Least of all himself.
“The only other thing I remember,” Clark added, “is Troy [Polamalu] rolling me over and asking me 20 questions that I had no answer to. ‘Do you have a concussion?’ I was like, ‘I don’t know.’ He’s like, ‘What do you feel like? Can you see?’ I said: “Troy, why don’t you leave me alone and let me get up?”
Clark lit up New England receiver Wes Welker earlier this season in similar fashion. The last thing he wants to see is for people to use his play as an example for change.
“If they do anything else we’re not going to be able to tackle people,” Clark said. “I would like for them to stop talking about it on TV so much. It gets so much press, I think people begin to believe it is a barbaric sport.
“Every time someone gets hurt, they have to have a debate on First and 10, or ESPN. Was it dirty? Was it legal? They’re starting to make it more than it really is.”
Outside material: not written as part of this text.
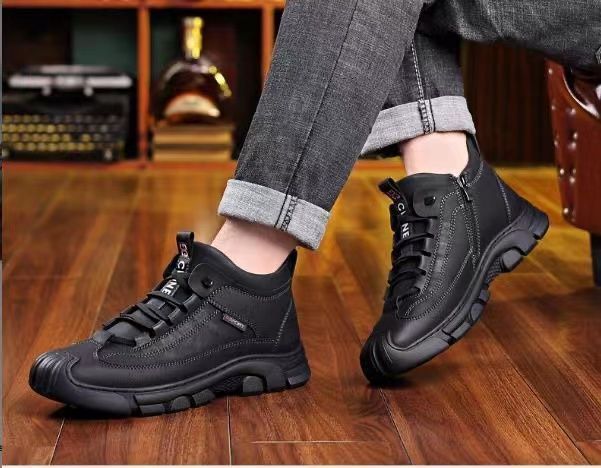 Cold-resistant warm cotton-padded shoes men's warm winter thickened fluff outdoor leather high-top one-piece Northeast snow boots non-slip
Don’t think Arizona’s top two receivers Larry Fitzgerald and Anquan Bolden haven’t seen video of that hit.
“I think it sets a tone, that every level of defence is going to be physical,” Clark said. “Everyone knows about our D-line; everybody knows about our linebackers. We let ‘em know that in the secondary, we will try and play a physical game, and try and knock receives off the ball.”